British actress (born 1972)

Charlotte Hudson (born 4 January 1972) is a British actress and television presenter. Hudson was born in Sheffield. Her brother is actor Robert Hudson.

==Education and early career==
After attending Fitzwilliam College, Cambridge, Hudson started in television co-presenting BBC's Watchdog with Anne Robinson, replacing Alice Beer in 1999. She presented What's the Story- and Are You Being Cheated for Channel 5.

==Career==
She presented the Sky One television series Brainiac: History Abuse, a spin-off from the award-winning Brainiac: Science Abuse, which she also co-presented. Hudson has also appeared as an actress in various UK TV shows. She appeared as a guest on both Big Brother's Little Brother and Big Brother's Big Mouth.

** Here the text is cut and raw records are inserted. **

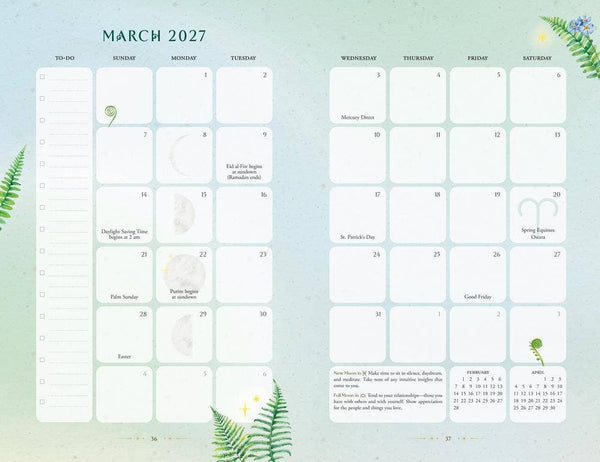 Llewellyn's 2027 Herbal Enchantment Planner: Herbal Magic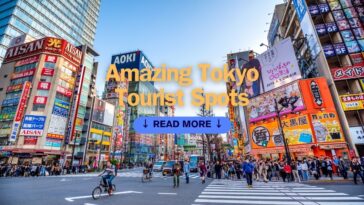 Amazing Tokyo Tourist Spots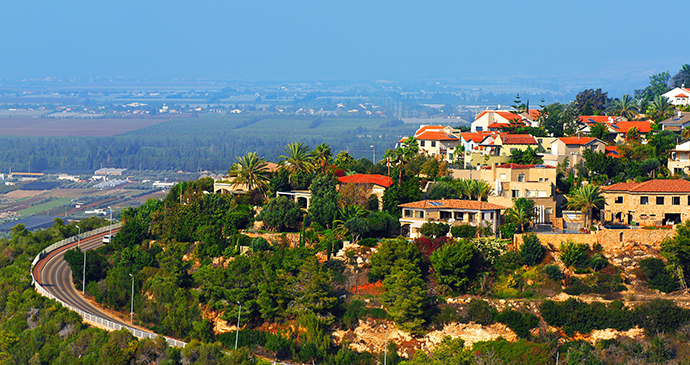 Zichron Yaakov in Israel by © Konstantnin, Shutterstock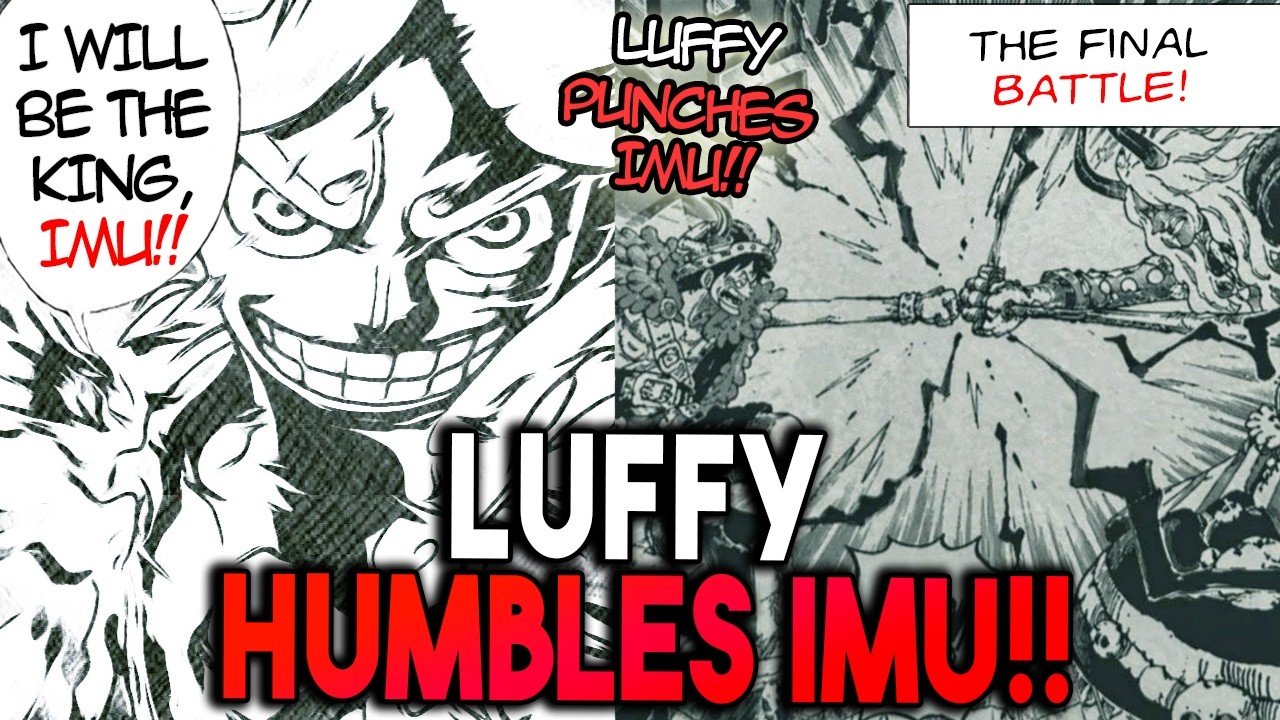 ONE PIECE CHAPTER 1186 FULL PAGES SPOILERS | LUFFY VS IMU IS INSANE!! (OP 1186)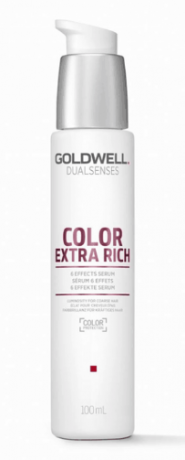 Сыворотка 6-кратного действия для окрашенных волос - Goldwell Dualsenses Color Extra Rich 6 Effects Serum 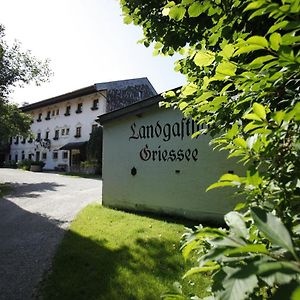 Landhaus Griessee Obing Exterior photo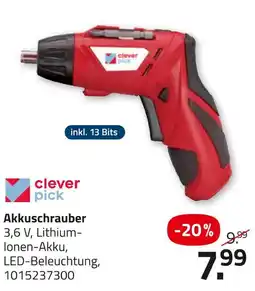 ROLLER Clever pick akkuschrauber Angebot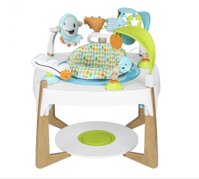 Bàn Chơi Đa Năng Evenflo Exersaucer Thế Giới Đại Dương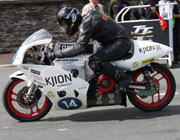 loichtrakete beim TT-Start, Ph. Magner 2012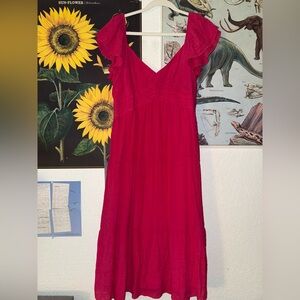 Elegant Pink Dress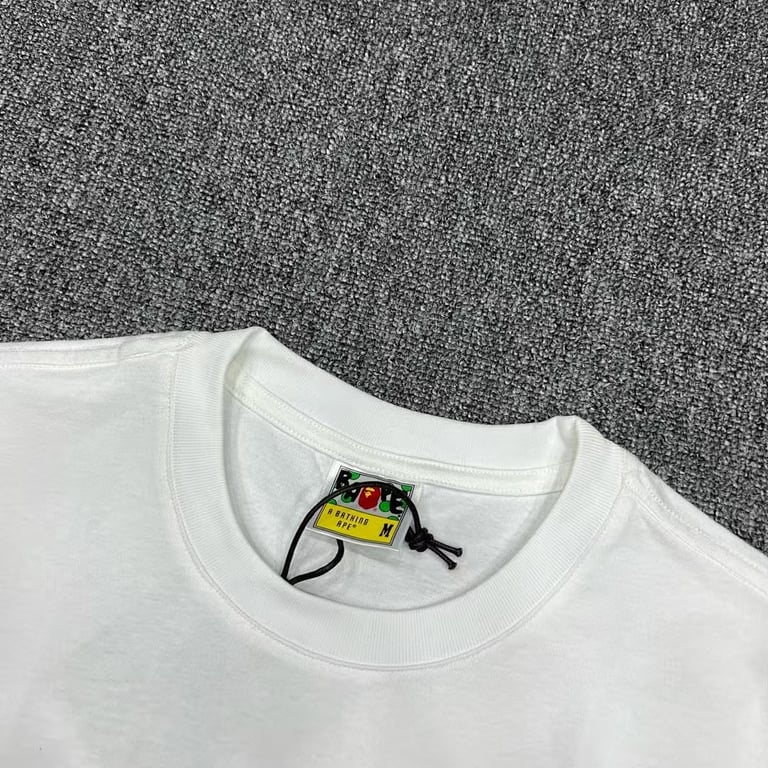 BAPE A Rising Ape Rocket Graphic Tee - 9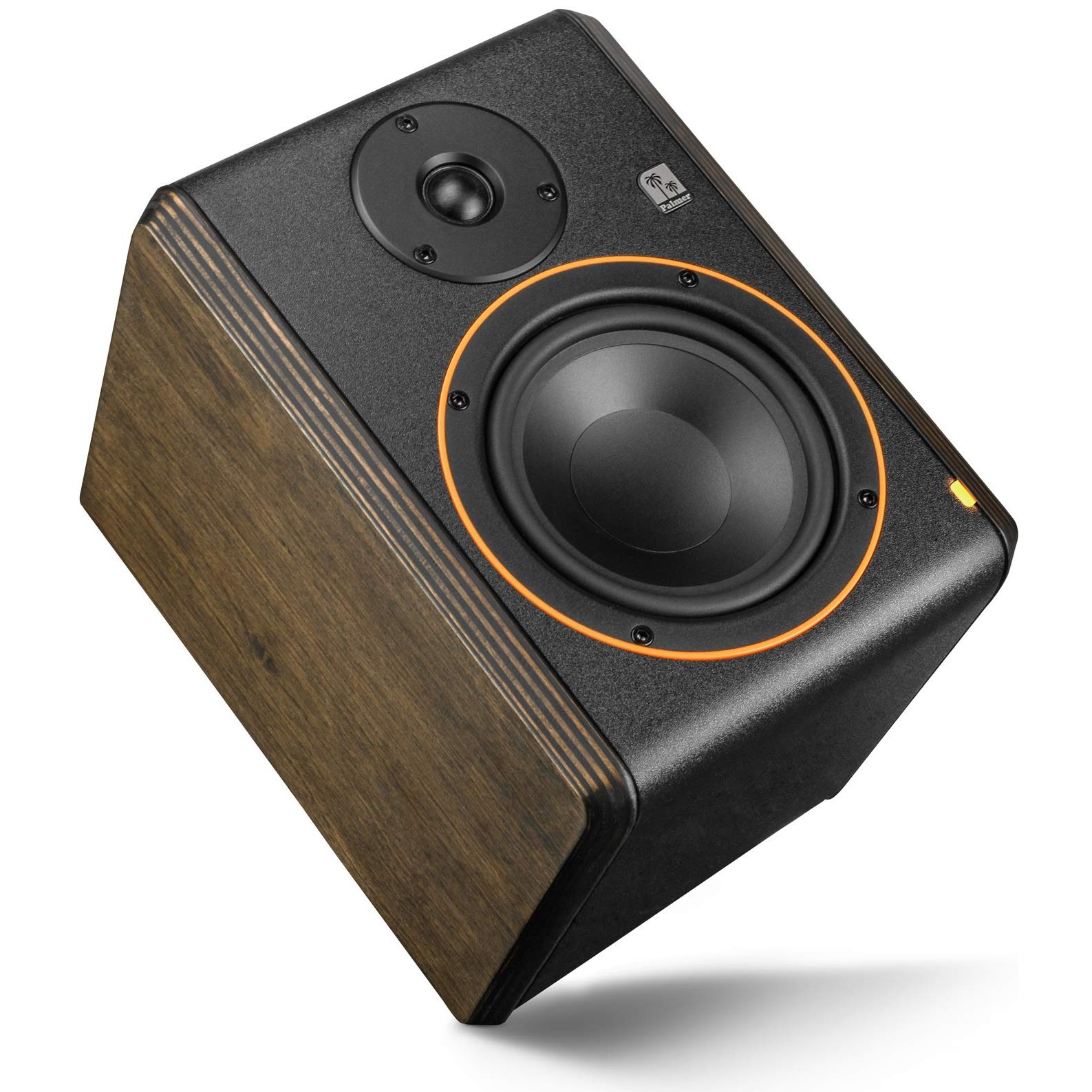 Palmer STUDIMON 5 Active Studio Monitor Speaker - Single, Professional-Grade Sound for Music Production, Home Recording & DJ Setup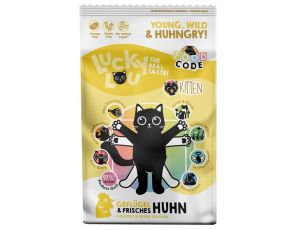 Lucky Lou Food Code Lifestage Kitten Drób & Kurczak 750g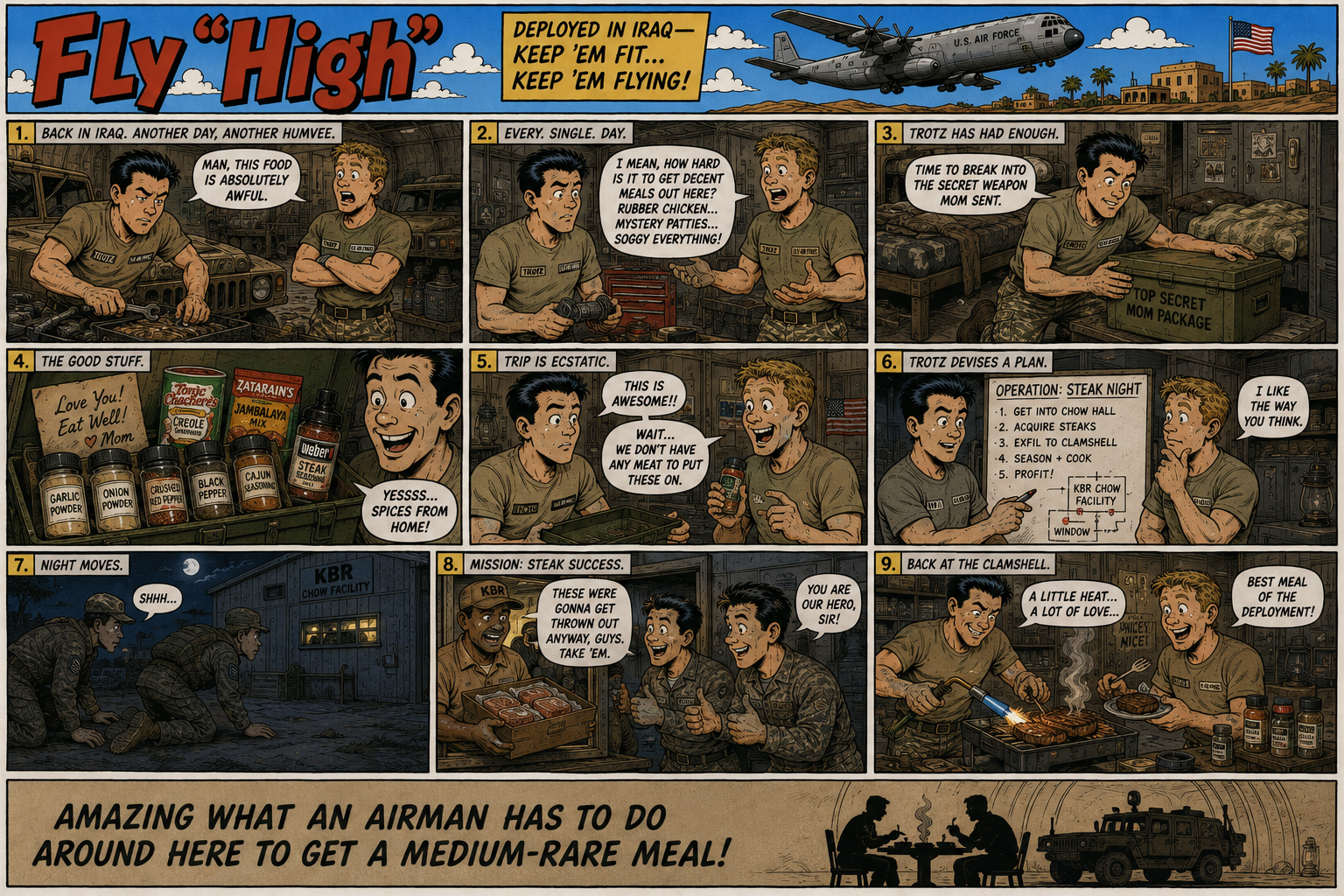 Fly High 5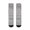 White Marble Pattern, variant on Blue Marble Pattern Men's Mid-calf Crew Socks, Everyday Trainer Socks with Reinforced Heel & Toe, Soft Stretchy Gifts Ideas for Men Adults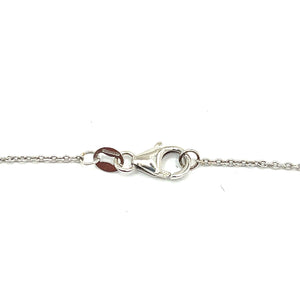 Secondhand 18ct White Gold Diamond Necklace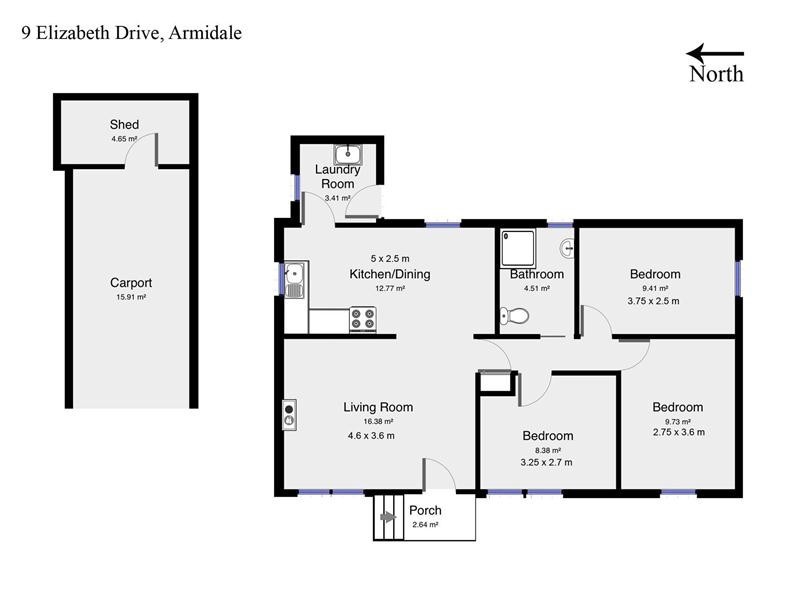 9 Elizabeth Street, Armidale NSW 2350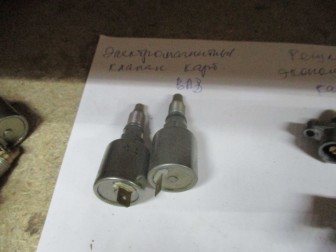 Клапан электромагнитный Ваз 2101-2107 карбюратора 21031107420, - ЭПХХ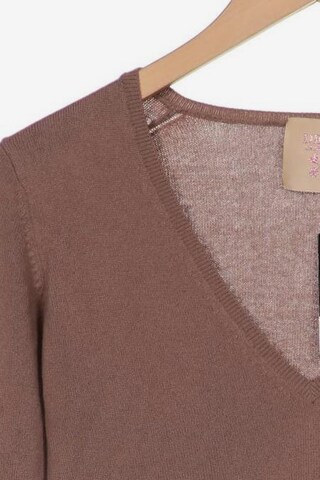 DEAR CASHMERE Pullover L in Braun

Hudson also appeared in the sketch show Bruiser opposite Mitchell & Webb, Olivia Colman, Martin Freeman and Matthew Holness. She was one half of comedy sketch double act Two Left Hands with comedian Leila Hackett, performing at the Edinburgh Festival Fringe in August 2007 and 2009.

In summer 2009, Hudson provided the in-game voiceover for the ITV show Divided. Between 2010 and 2012, she narrated the ITVBe programme Dinner Date.